McKelvie, who has lived in Quesnel for 45 years, said the gold pan is a piece of local history, and for that reason, it shouldn't be moved.

McKelvie started an online petition, with more than 500 signatures, and submitted a paper petition with 600 signatures to mayor and council, asking the City to reconsider relocating the gold pan. 

"The only way that things get change is if people step up and ask for change if they're not happy with what's happening," McKelvie said. 

Quesnel Mayor Bob Simpson, however, believes the move is for the best. 

"Its current location doesn't offer anything for visitors to do, other than stop and get a picture, which is not easy to do," Simpson said in an email to CBC. 

The new location will have interpretive signage and an electronic kiosk that will promote the city and events. The new spot is also ideal, Simpson said, because it's right beside where Rocky Mountaineer passengers disembark. About 250 people arrive by train twice a week, he estimates.

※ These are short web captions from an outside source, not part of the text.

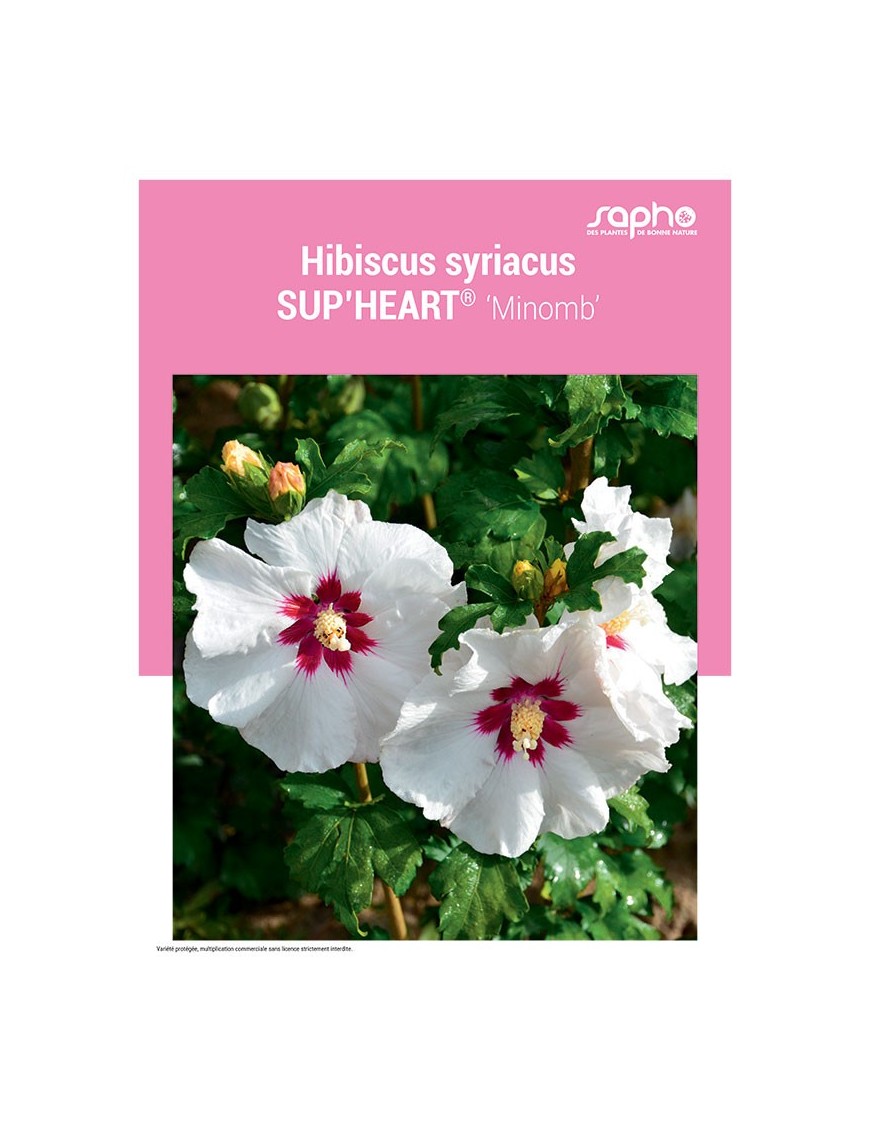 HIBISCUS SYRIACUS "Sup'Heart®"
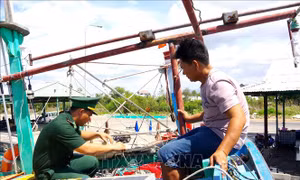 Bình Thuận: Xử phạt tàu cá không duy trì kết nối thiết bị giám sát hành trình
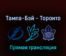 Тампа-Бэй Лайтнинг — Торонто Мэйпл Лифс 7 мая 2022 года прямая трансляция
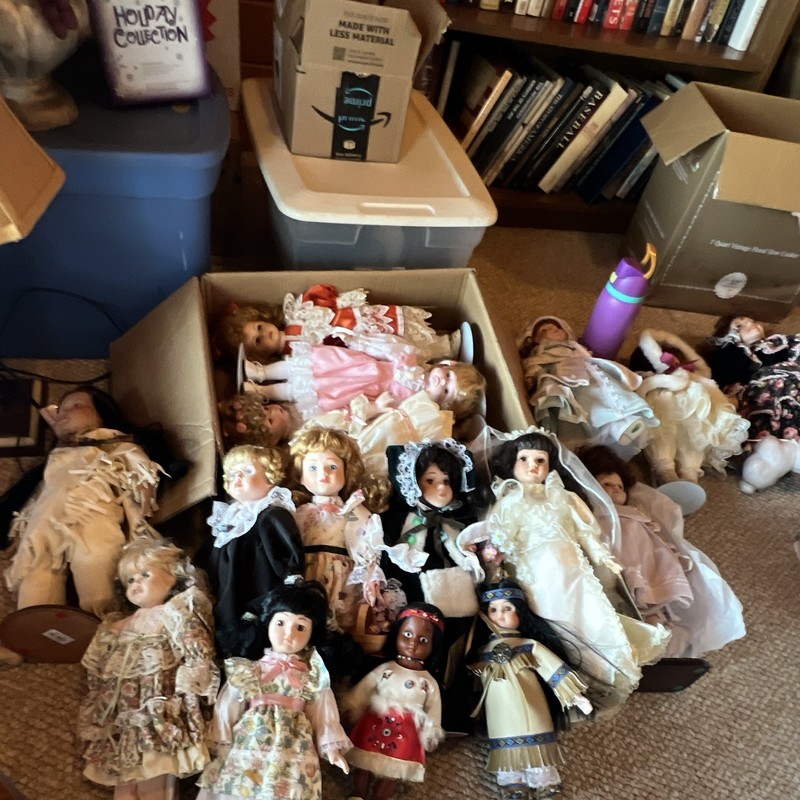 Lot of 17 Assorted Girl Doll Various Sizes Mixed Outfits Most with the Coll card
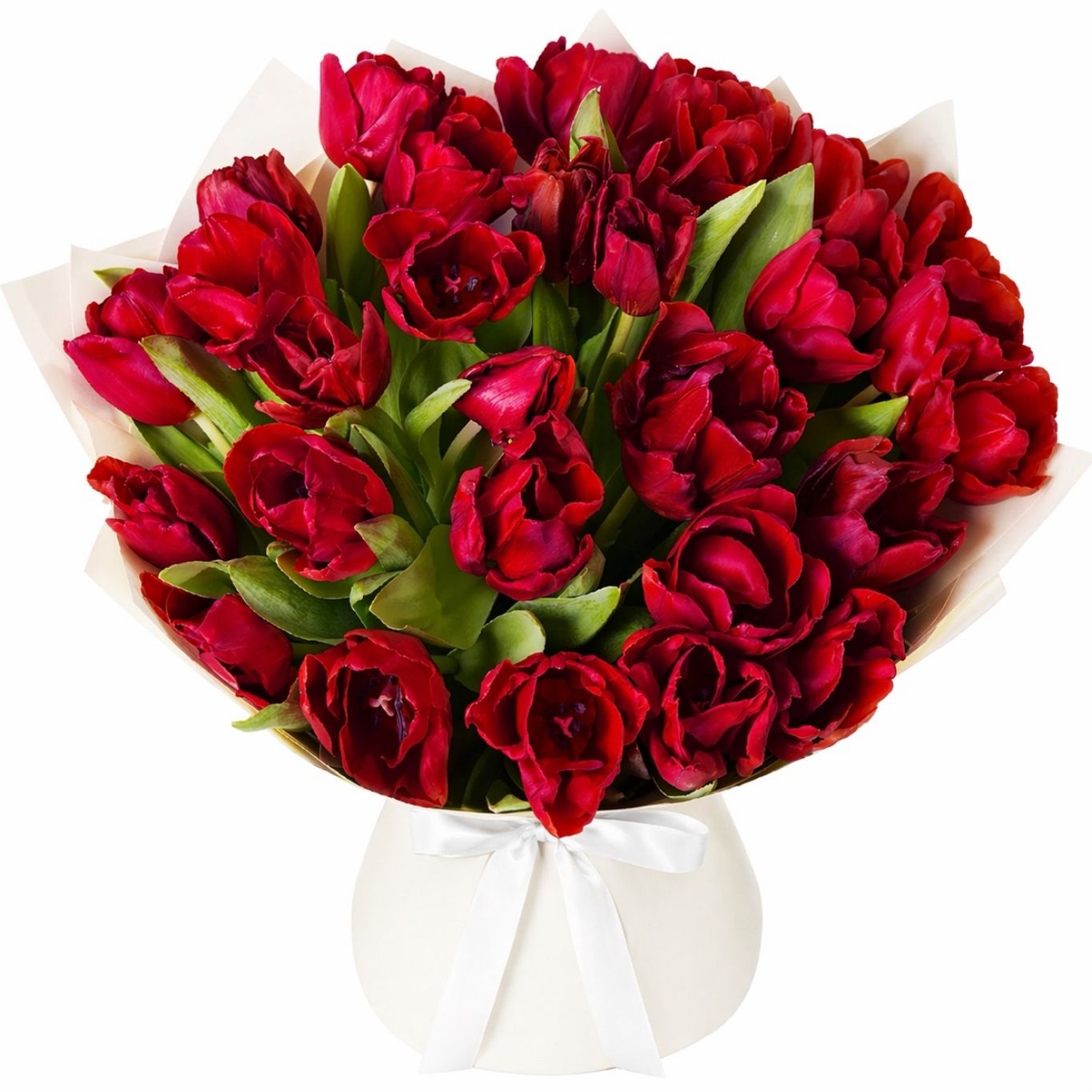 Luxury Red Tulips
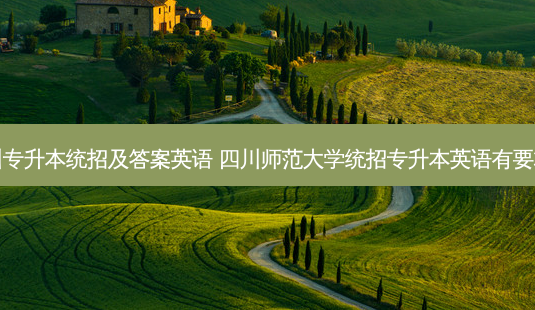 四川专升本统招及答案英语 四川师范大学统招专升本英语有要求吗-第1张图片-天智网 四川专升本统招及答案英语 四川师范大学统招专升本英语有要求吗-第1张图片-天智网
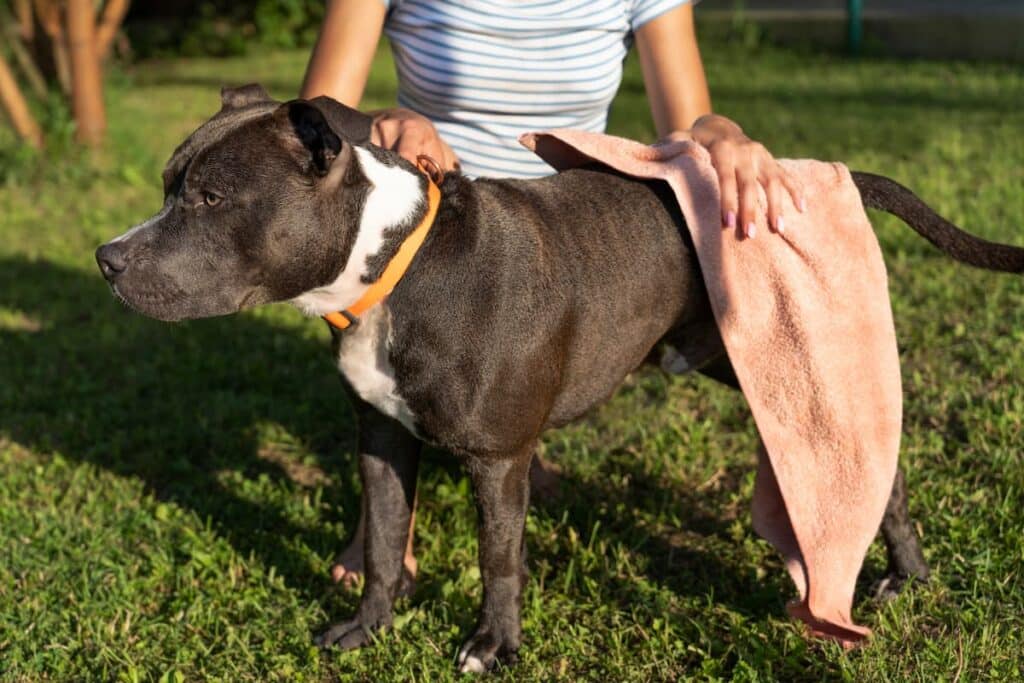 contractura en perros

Quesnel, B.C.,'s Billy Barker mascot poses with the giant gold pan. (Ron Paull)

Simpson said that will bring more tourists to the downtown core, which is part of the City's employment strategy as jobs in the forest industry continue to be lost

"We've explained this to Ms. McKelvie and her 'supporters' to no avail," Simpson said. 

"Some people are just averse to change."

But McKelvie believes that the gold pan should remain at the entrance to the city. 

"I think that change just for the sake of change is not always a good thing. And I think that gold pan represents our history and our past, and its location is perfect."